Data records:
Segment Open
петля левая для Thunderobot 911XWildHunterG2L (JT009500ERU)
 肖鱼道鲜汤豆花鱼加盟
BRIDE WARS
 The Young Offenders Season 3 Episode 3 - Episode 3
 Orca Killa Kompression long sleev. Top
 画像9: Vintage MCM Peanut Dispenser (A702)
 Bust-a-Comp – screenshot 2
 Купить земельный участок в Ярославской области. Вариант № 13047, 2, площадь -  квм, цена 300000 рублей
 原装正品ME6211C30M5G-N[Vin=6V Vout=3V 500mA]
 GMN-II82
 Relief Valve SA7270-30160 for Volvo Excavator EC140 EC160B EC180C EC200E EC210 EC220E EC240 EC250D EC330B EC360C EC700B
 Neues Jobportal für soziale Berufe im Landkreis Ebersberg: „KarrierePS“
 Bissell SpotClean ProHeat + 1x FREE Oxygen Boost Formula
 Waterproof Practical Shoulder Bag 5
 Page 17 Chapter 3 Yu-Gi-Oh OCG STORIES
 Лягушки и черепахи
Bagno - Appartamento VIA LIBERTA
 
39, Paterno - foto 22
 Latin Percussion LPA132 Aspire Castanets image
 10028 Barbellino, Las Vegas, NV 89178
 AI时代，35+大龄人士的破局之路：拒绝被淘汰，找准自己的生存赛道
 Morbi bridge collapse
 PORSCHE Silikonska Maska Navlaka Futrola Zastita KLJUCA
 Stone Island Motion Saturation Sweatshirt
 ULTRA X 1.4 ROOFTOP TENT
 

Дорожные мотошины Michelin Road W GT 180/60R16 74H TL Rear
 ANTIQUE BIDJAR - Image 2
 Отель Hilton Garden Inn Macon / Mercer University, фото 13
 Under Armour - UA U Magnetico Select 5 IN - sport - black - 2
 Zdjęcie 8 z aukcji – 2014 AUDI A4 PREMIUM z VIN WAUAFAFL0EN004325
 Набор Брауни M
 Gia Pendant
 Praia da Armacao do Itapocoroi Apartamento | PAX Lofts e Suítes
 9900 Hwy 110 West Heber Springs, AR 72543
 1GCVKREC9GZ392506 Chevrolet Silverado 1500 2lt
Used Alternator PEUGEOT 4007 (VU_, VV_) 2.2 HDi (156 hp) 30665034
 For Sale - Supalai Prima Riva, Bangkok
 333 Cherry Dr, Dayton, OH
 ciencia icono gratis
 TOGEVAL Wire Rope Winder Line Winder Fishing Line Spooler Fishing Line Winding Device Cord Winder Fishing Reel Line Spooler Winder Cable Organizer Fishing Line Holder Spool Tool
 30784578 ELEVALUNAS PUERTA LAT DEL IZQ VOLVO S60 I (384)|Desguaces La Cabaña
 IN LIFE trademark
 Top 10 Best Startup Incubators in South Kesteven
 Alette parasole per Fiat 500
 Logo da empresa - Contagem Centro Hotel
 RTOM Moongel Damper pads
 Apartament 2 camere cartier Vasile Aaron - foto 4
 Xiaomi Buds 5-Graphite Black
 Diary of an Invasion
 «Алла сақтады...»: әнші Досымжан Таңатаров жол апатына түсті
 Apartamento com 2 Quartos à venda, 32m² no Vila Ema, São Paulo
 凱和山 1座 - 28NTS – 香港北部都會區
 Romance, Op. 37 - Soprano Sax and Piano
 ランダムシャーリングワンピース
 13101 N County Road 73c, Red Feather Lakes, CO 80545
Segment Closed
What needs to be done
All lines from the start of the entries through the line where "Лягушки и черепахи" sits should be duplicated exactly, with nothing else in the output.

Exercise response
петля левая для Thunderobot 911XWildHunterG2L (JT009500ERU)
 肖鱼道鲜汤豆花鱼加盟
BRIDE WARS
 The Young Offenders Season 3 Episode 3 - Episode 3
 Orca Killa Kompression long sleev. Top
 画像9: Vintage MCM Peanut Dispenser (A702)
 Bust-a-Comp – screenshot 2
 Купить земельный участок в Ярославской области. Вариант № 13047, 2, площадь -  квм, цена 300000 рублей
 原装正品ME6211C30M5G-N[Vin=6V Vout=3V 500mA]
 GMN-II82
 Relief Valve SA7270-30160 for Volvo Excavator EC140 EC160B EC180C EC200E EC210 EC220E EC240 EC250D EC330B EC360C EC700B
 Neues Jobportal für soziale Berufe im Landkreis Ebersberg: „KarrierePS“
 Bissell SpotClean ProHeat + 1x FREE Oxygen Boost Formula
 Waterproof Practical Shoulder Bag 5
 Page 17 Chapter 3 Yu-Gi-Oh OCG STORIES
 Лягушки и черепахи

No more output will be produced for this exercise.